Results: not bad. Perhaps I should’ve splurged and bought the garlic and ginger for more flavor, but the miso paste gave what I’m calling a five minute homemade soup, a very homey taste. A threw in a pinch of salt, and my roommate added a few dashes of hot sauce. I was most impressed with how quickly the rice noodles cooked, and considering the fact that they’re so thin, they’re extremely filling. 

Seeing as I have about half a ziplock bag left of chicken, I plan to be making more mason jar ramen and possibly some chicken salad sandwiches with cranberries that may or may not have been stolen from the caf. 

All in all, even though the rotisserie chicken was fairly pricey, I was able to get a staggering amount of meat off of it, and will get at least four large work lunches out of it. Not too shabby if you ask me.

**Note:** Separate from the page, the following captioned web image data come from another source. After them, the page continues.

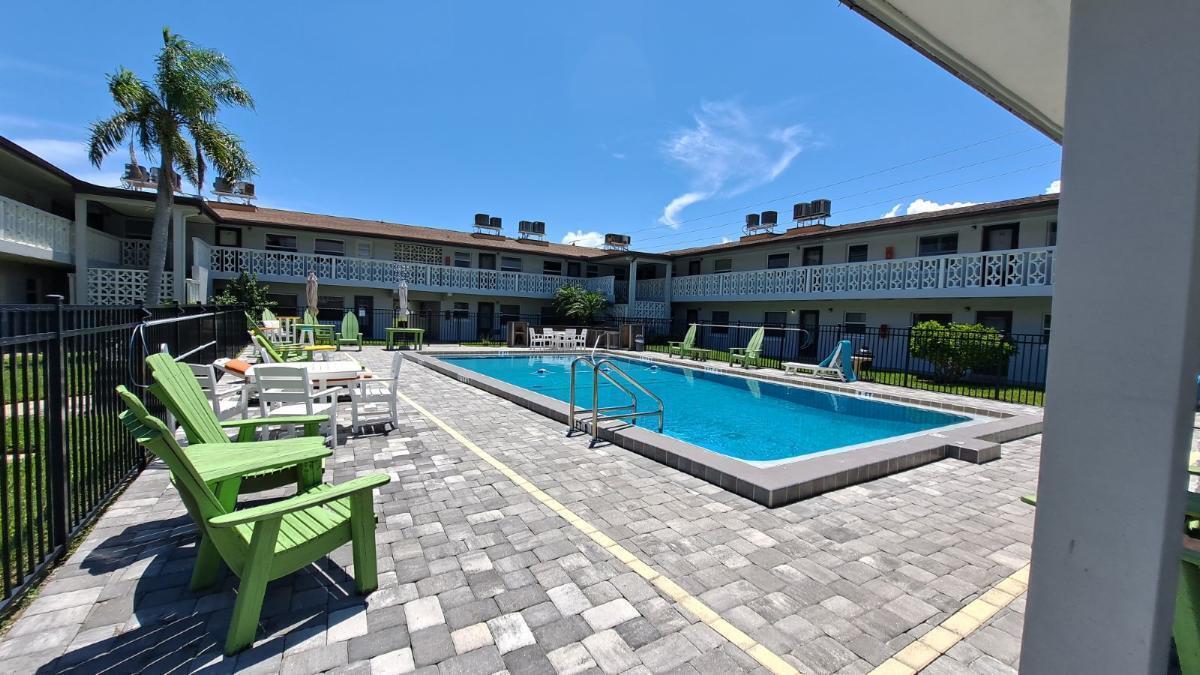 Foto principal - 5600 N Banana River Blvd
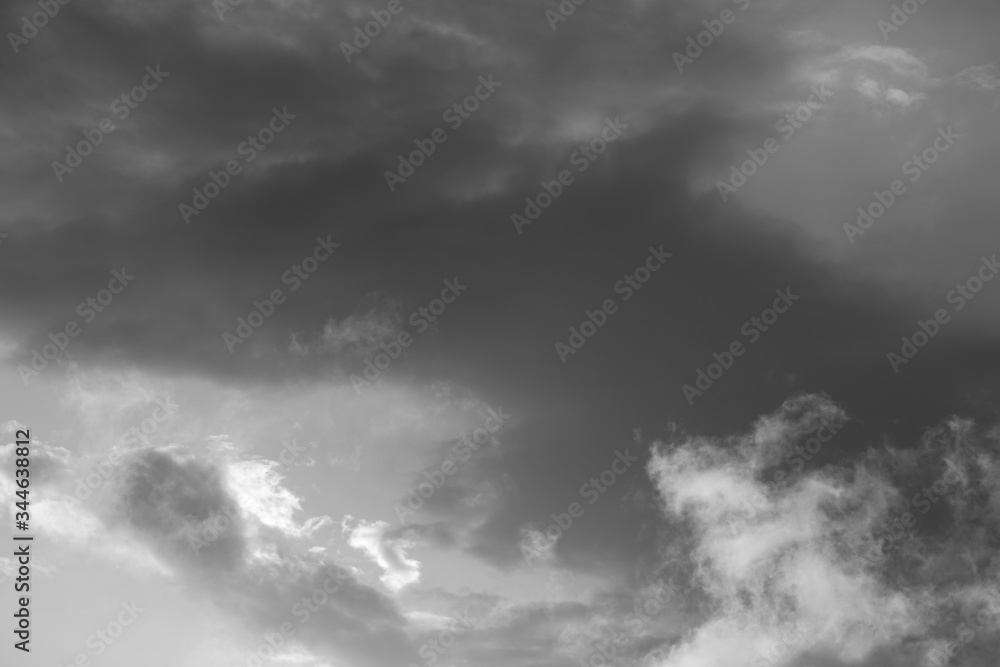 Obraz premium Grauer Wolken Himmel nach einem Regen Schauer im April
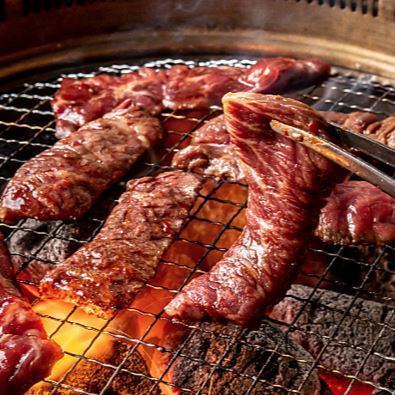 ``Shokusarabou'' where you can enjoy meat to your heart's content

Wednesday, September 7, 2016

Blog Post #1

I have spent the good majority of my life watching The Food Network and in doing so cultivated a vast and overly-specific knowledge base of everything food. I would love nothing more than to spend hours on end in a kitchen whipping up all sorts of recipes and sharing my food with friends and family. I’d make everything from beautifully hand made pastas to stocks that need half a day to simmer. Desserts, antipasti, main courses, aperitifs, hors d'oeuvres, you name it, I want to make it. 

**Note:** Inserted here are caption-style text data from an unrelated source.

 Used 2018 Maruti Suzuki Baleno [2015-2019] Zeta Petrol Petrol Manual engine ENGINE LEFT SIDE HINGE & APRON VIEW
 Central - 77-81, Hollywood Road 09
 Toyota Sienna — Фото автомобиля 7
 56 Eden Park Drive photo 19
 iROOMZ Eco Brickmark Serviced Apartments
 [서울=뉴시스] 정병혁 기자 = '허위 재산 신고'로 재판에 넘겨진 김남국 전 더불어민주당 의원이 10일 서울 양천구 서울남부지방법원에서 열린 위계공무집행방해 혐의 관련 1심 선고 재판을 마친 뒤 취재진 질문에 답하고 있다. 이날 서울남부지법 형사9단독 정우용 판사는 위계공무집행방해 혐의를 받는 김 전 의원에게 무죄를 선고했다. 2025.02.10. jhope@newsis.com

One small issue. I don't have a kitchen. So what's a girl supposed to do when all she has is a mini fridge, a microwave, and a tea kettle? In a world where the main food source is a cafeteria that provides food that is often less than ideal, students get hungry. But why should we stuff our faces with Cup of Noodles and Totino's Pizza Rolls when we could, potentially, make some decent food without having to use the (sketchy) third floor kitchens?

This blog will include dorm-approved recipes, all tested and eaten by yours truly, a college student with excessively expensive tastes and very little money.

Recipe #1: Antipasto For One
Ingredients:
-Two fruits of your choice
-At least two types of cheese
-Nuts
-Bread
-Something pickled
-Dried/Cured Meat

There’s nothing fancier or more pretentious than making an antipasti for your lunch or dinner as a college student. That being said, there really isn’t anything easier or more delicious. Every single component of this meal is ready to eat; there is absolutely no cooking required. As long as you have a mini fridge to keep this all cold, you’re all set.

Here’s what I threw together: strawberries and grapes, a string cheese (balling on a budget) and a triangle of Manchego cheese, a third of a baguette, some pickled beets, a handful of cashews, and few pieces of salami. Given the time, this could all be beautifully constructed and meticulously placed on a cheese board, or, if you’re like me, a paper plate.

While these ingredients do sound relatively extravagant, they were all fairly inexpensive. Trader Joe’s is a college student’s best friend, with their extremely low cost produce and decent quality foodstuff. The most expensive thing that I purchased was a large bag of grapes, and that was completely my fault; I thought it was $2.99 for the whole bag; it was per pound. Stupid college student mistake, had I known it would’ve put be back a whopping eight dollars, I wouldn’t have gone through with the purchase. Anyway, even fancy cheese is inexpensive as hell, I got three small-ish wedges of Spanish cheese for like three bucks. With all the ingredients combined, I reckon I can make at least three different antipasti plates for myself, with plenty of my frivolously purchased grapes.

Considering I had neither the time nor inclination to make my meal look like it was ready to be on the cover of Bon Appetit Magazine, I was able to literally toss everything into my Tupperware in less than two minutes. I threw in a Frozen Ice Pack, complete with a cartoon of Elsa and Anna on one side, and boom, I look like a grown ass adult when I open my lunch box at the office. Little do they know, all this was made in a tiny, closet of a dorm room. College Student tested, College Student approved.